ただし、すべての病院や施設に制度があるわけではありません。制度があっても、夜勤が必要な部署では使いにくい、人数配置の都合で希望通りの時間にできない、期間が決まっているなど、運用に差があります。法律で定められた育児・介護に関する短時間勤務制度もありますが、対象や条件は改正で動くため、本文では細かな年齢や日数を断定しません。最新の条件は厚生労働省の公式情報を確認し、実際の運用は就業規則と人事に確認してください。
制度の有無を聞くときは、「短時間正社員はありますか」だけでなく、「正社員の身分を残して勤務時間を短くする制度はありますか」と聞くほうが伝わりやすいです。職場によって呼び方が違うからです。
給料・賞与・社会保険で確認すること
短時間正社員で最も大事なのは、収入と保障の扱いです。次の4点は必ず確認してください。
- 基本給は勤務時間に応じて按分されるのか
- 賞与は支給対象か、計算式はどうなるのか
- 退職金や昇給の扱いは常勤と同じか
- 社会保険の加入はどうなるのか
月給が下がること自体は想定内でも、賞与や退職金の扱いまで見ないと、年間収入や将来の積み上げが見えません。看護師の給料は基本給、手当、賞与、退職金がつながっています。給料の構造は看護師の給料のしくみ、賞与と退職金は看護師のボーナス・退職金のしくみで分解できます。
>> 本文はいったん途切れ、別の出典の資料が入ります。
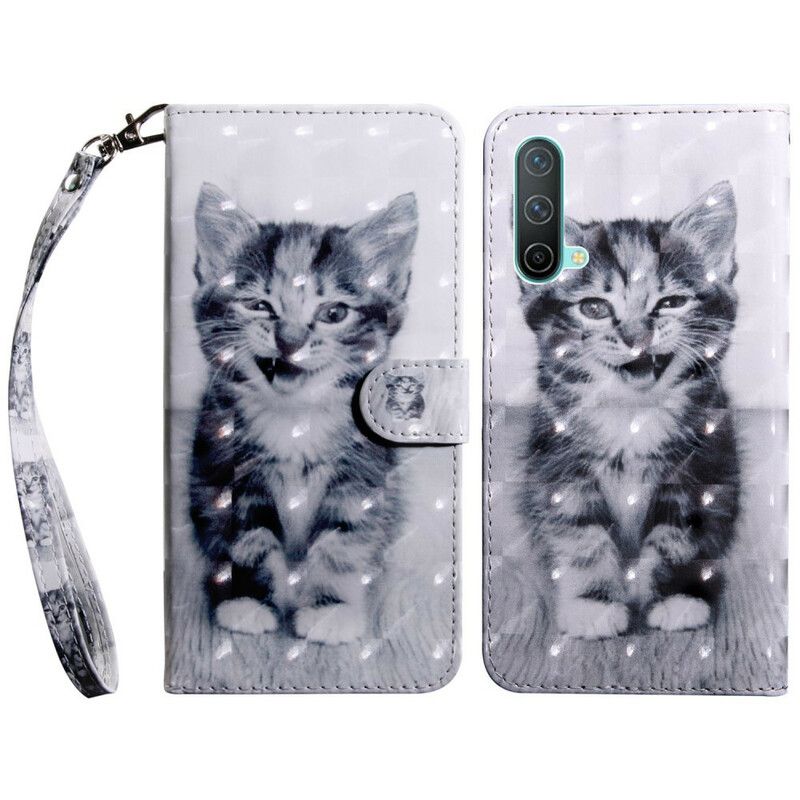 Housse OnePlus Nord CE 5G Chat Noir Et Blanc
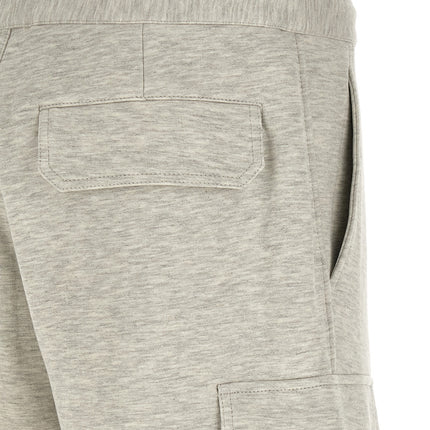 Brunello Cucinelli Gray Cotton Bermuda Shorts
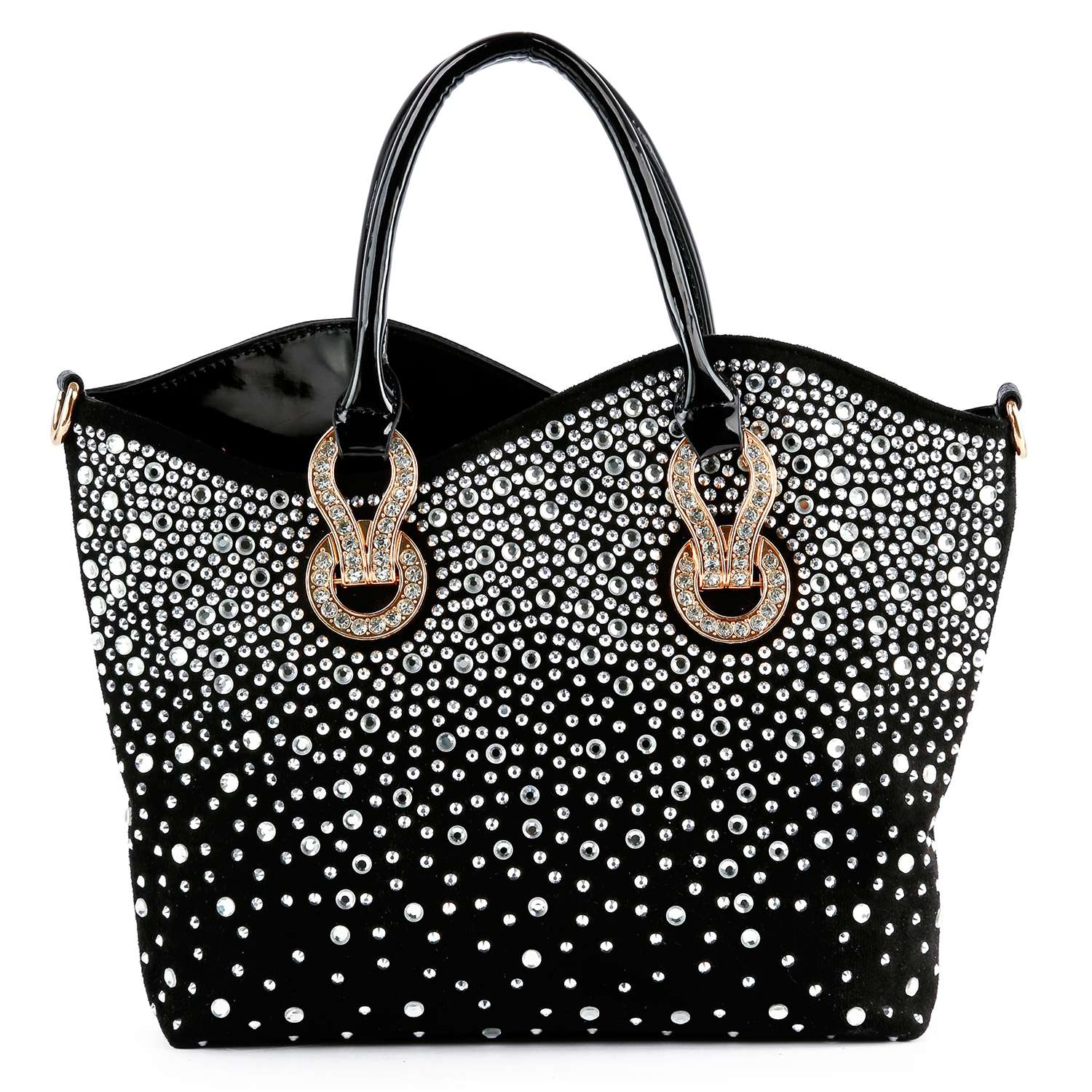 Handbag Express - Rhinestone Ombre Design Elegant Tote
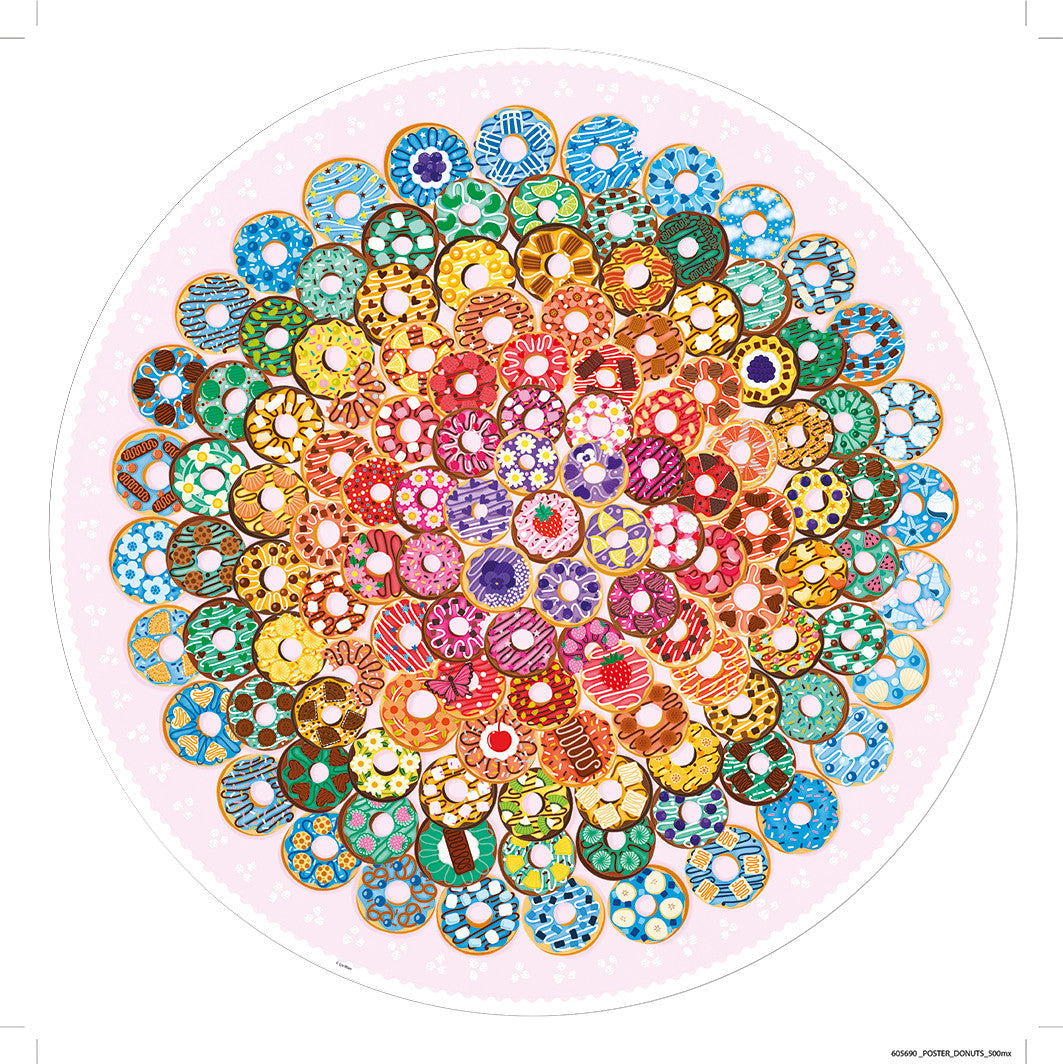 Ravensburger 500pc - Circle of Colors Donuts Puzzle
社会保険については、雇用形態だけでなく勤務時間や賃金などの要件が関係します。条件は法改正で変わるため、「短時間正社員なら必ずこう」と断定せず、最新の公的情報と勤務先の扱いを確認してください。
短時間正社員が向く時期
短時間正社員が向くのは、看護師を続けたい気持ちはあるが、今だけフルタイムが難しい時期です。
- 子育てで保育園の送迎がある
- 家族の介護で急な予定変更がある
- 夜勤を減らして体調を整えたい
- ブランク明けで段階的に勤務時間を戻したい
- パートになると収入や保障の不安が大きい
この働き方の価値は、キャリアの積み上げを完全に止めずに済むことです。パートや派遣は時間の裁量が大きい一方で、賞与・昇給・退職金などの積み上げが弱くなりがちです。パート・派遣との違いはパート・派遣看護師という働き方で詳しく整理しています。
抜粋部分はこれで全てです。